Here are the details on those long ballots, as detailed by the Tampa Bay Times nearly two months ago:

The ballot will be chock full of choices, for president, U.S. Senate, Congress, the state Legislature, county offices and merit retention for judges, all the way down to city and county referendums.

But what may prompt some voters to rub their eyes in disbelief is the Legislature's decision to place 11 proposed changes to the Constitution on the ballot, some of which appear in their entirety.

Four amendments run on for hundreds of words, and are full of legalese such as this, on Amendment No. 5, dealing with the court system: "If the Legislature determines that a rule has been readopted and repeals the readopted rule, this proposed revision prohibits the court from further readopting the repealed rule without the Legislature's prior approval."

The Times article goes on to detail how the ballot contains multiple two-sided sheets, which must be filled out and fed through ballot counters one page at a time.
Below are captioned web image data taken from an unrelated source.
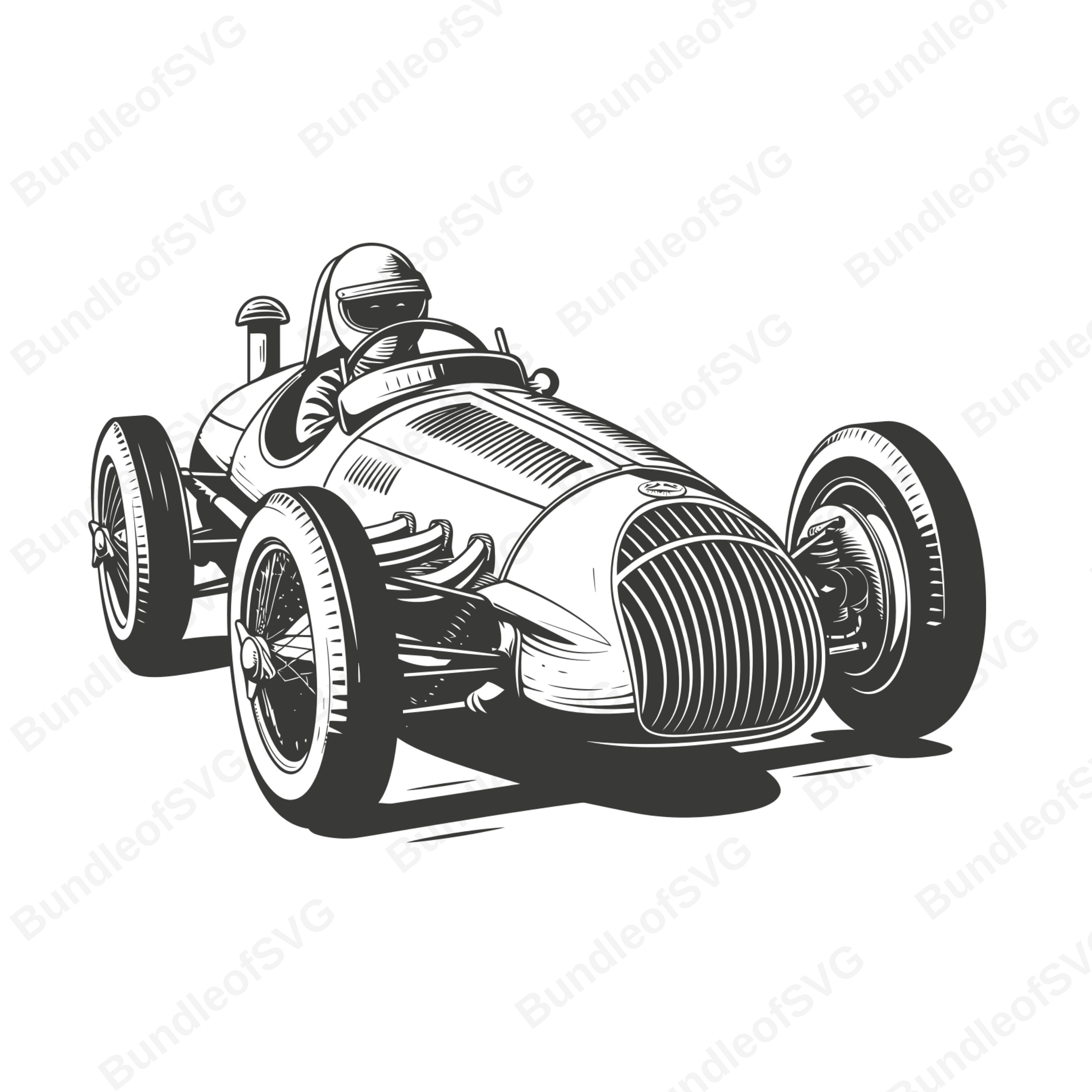 Race Car Radiator Svg Retro Racing Car SVG Bundle - Vintage Design Files for DIY Projects ...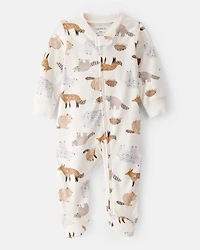Baby Boy Fox Print 100% Cotton Long-Sleeve Sleep & Play Pajamas - Ivory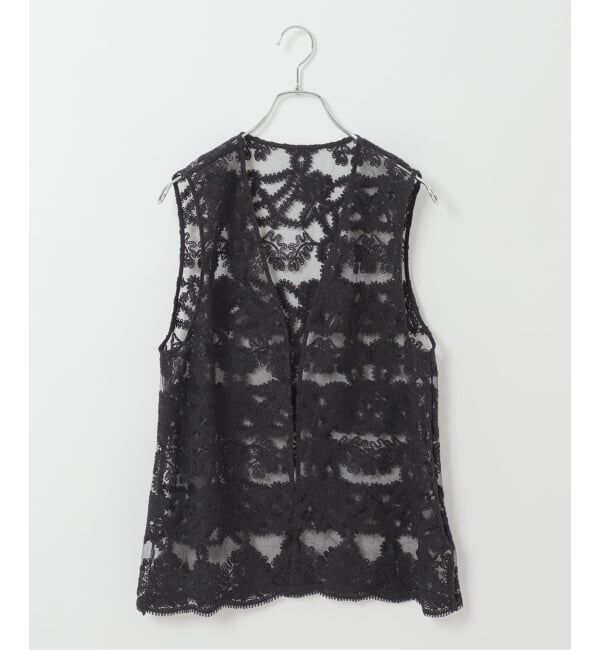 Spick and Span「《新色有り / 追加予約》コードエンブロイダリーチュールベスト」|ベスト・ジレ|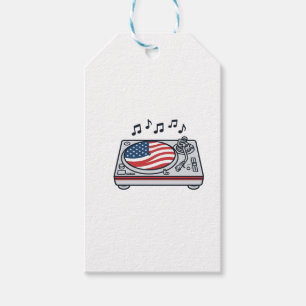 Patriotic DJ Turntable Music Vintage Shirt Design_ Gift Tags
An election official was quoted thusly by the Times: "They have really created a monster." Did really no one see this coming?
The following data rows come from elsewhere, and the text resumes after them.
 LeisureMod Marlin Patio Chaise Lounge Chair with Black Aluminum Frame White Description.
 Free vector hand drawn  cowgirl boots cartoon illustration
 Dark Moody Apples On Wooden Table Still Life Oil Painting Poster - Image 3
Obama addressed the long lines in his victory speech (which some Floridians were lucky enough to watch while waiting in line to cast their ballot).

"We have to fix that," he said. No kidding. Here's hoping that, as president, he might know someone who can.

Maybe next time Americans are asked to elect the leader of the free world, they should also be asked to vote on possible solutions to Florida's voting problems.

Written in a hundred words or less, preferably.